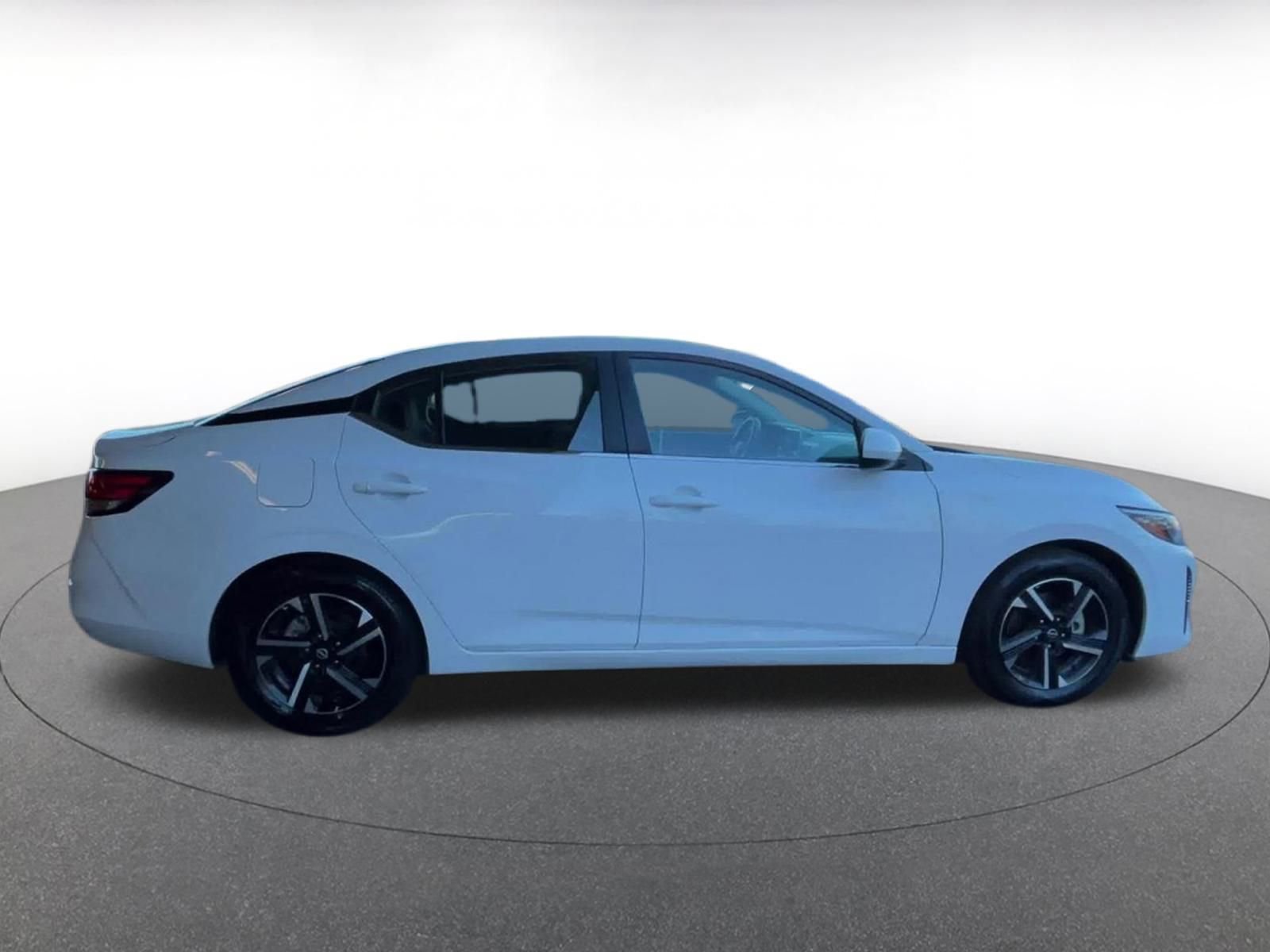 Thumbnail: 2025 Nissan Sentra - 16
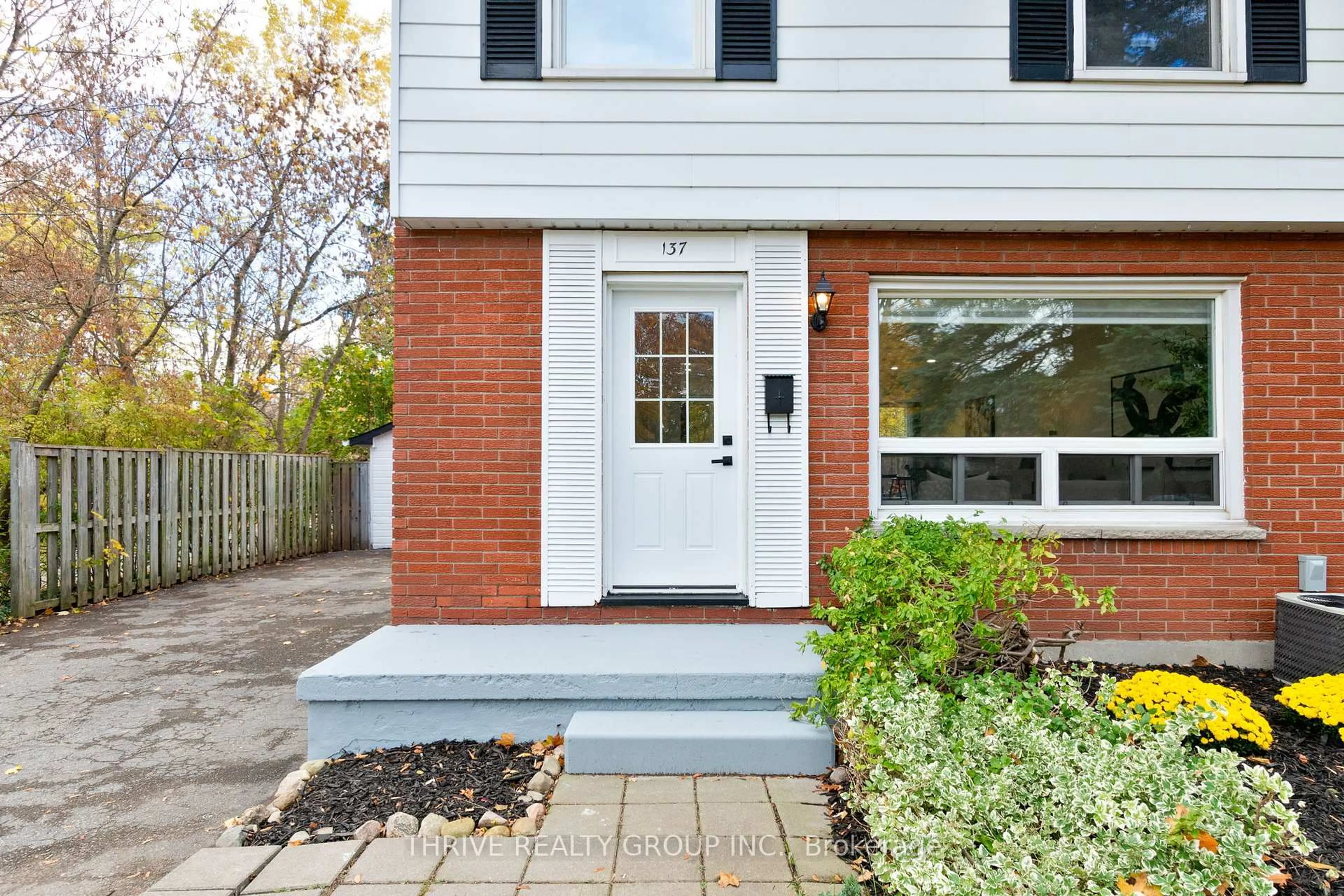 Home with brick exterior material, street for 137 Pawnee Rd, London East Ontario N5V 2T1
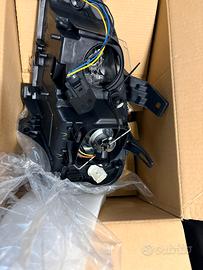 Mercedes ML  W163 faro destro.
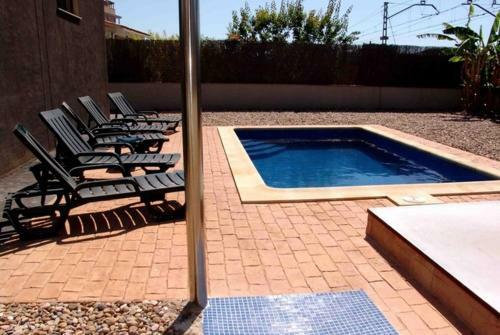 Sant Salvador Villa Sleeps 9 Pool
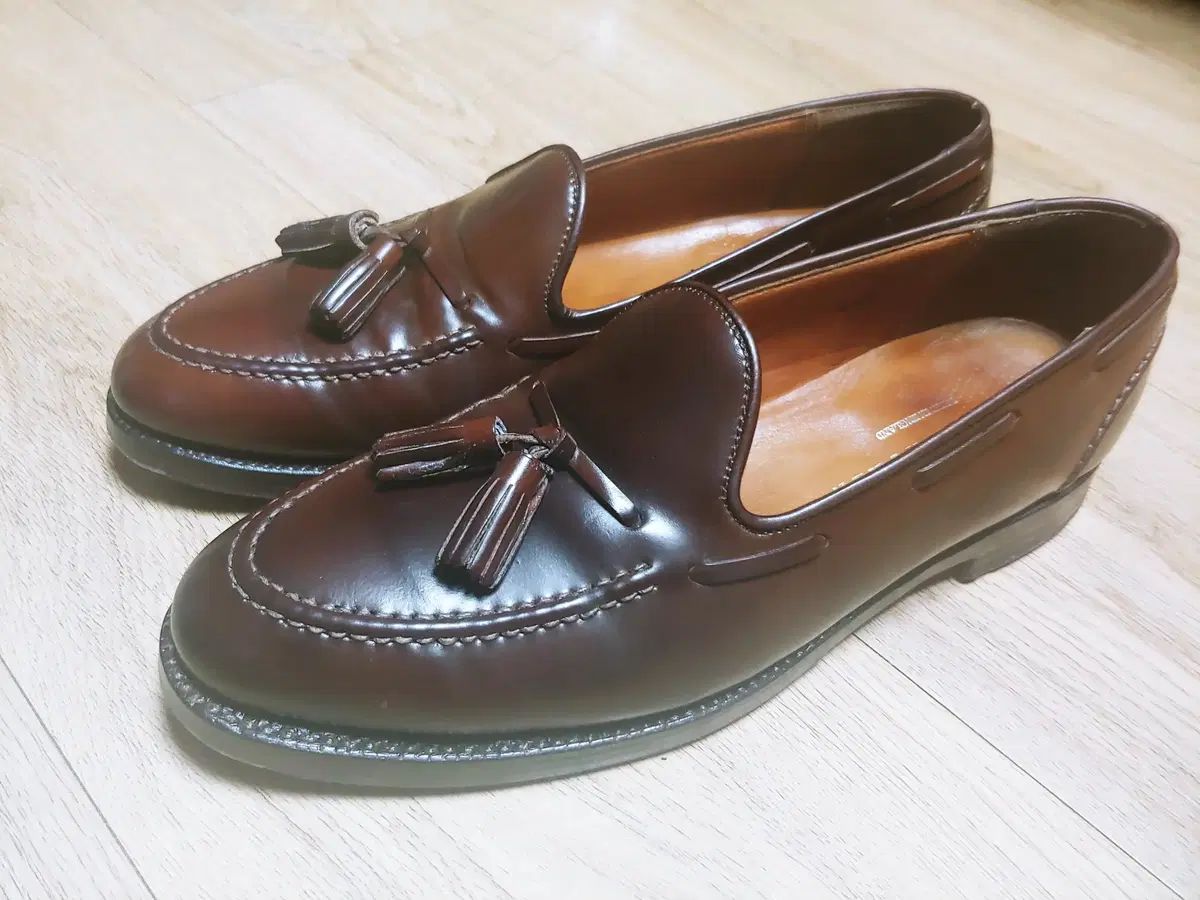 polo(ポロ) マーロー ラヴェッロ コードバン タッセルローファー US 8 5D 出品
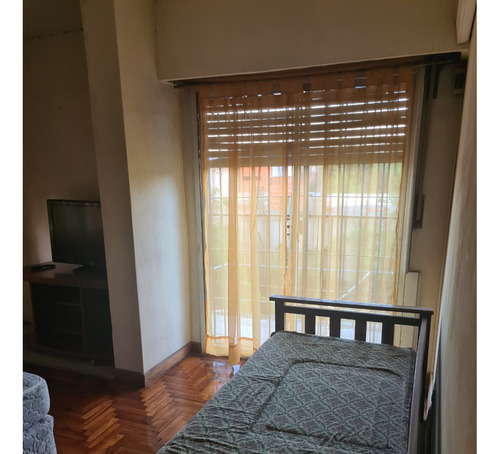 Casa Con Jardín, Pileta Y Parrilla En Lote Doble - Apto Crédito- Dueño Directo - Merlo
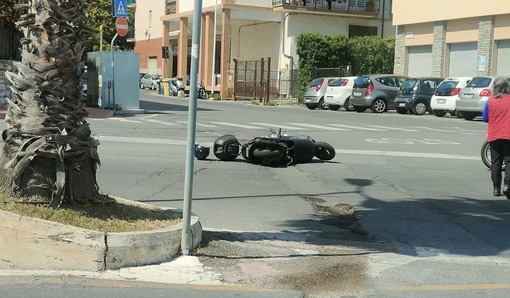 Imperia, mancata precedenza: scooterista investito da un'auto. Ferito un  uomo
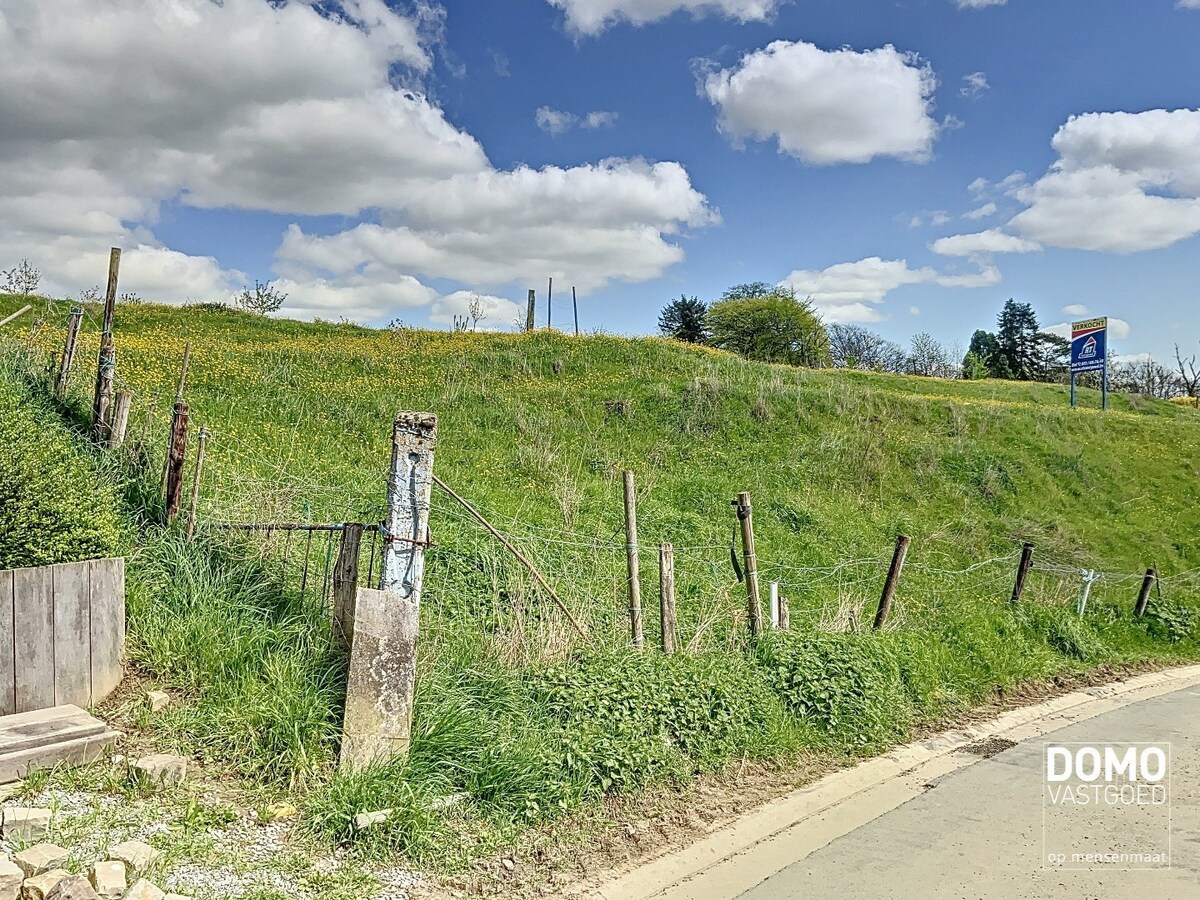 RUSTIG GELEGEN BOUWGROND VAN 10 ARE VOOR OPEN BEBOUWING TE SINT-TRUIDEN (GROOT-GELMEN)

**WHAT THE EXERCISE ASKS:**
Transcribe every record above exactly, leaving out the pictures.

**SOLVED EXERCISE:**
 Thumbnail: 2025 Nissan Sentra - 16
 Home with brick exterior material, street for 137 Pawnee Rd, London East Ontario N5V 2T1
 Mercedes ML  W163 faro destro.
 Sant Salvador Villa Sleeps 9 Pool
 polo(ポロ) マーロー ラヴェッロ コードバン タッセルローファー US 8 5D 出品
 Casa Con Jardín, Pileta Y Parrilla En Lote Doble - Apto Crédito- Dueño Directo - Merlo
 Imperia, mancata precedenza: scooterista investito da un'auto. Ferito un  uomo
 RUSTIG GELEGEN BOUWGROND VAN 10 ARE VOOR OPEN BEBOUWING TE SINT-TRUIDEN (GROOT-GELMEN)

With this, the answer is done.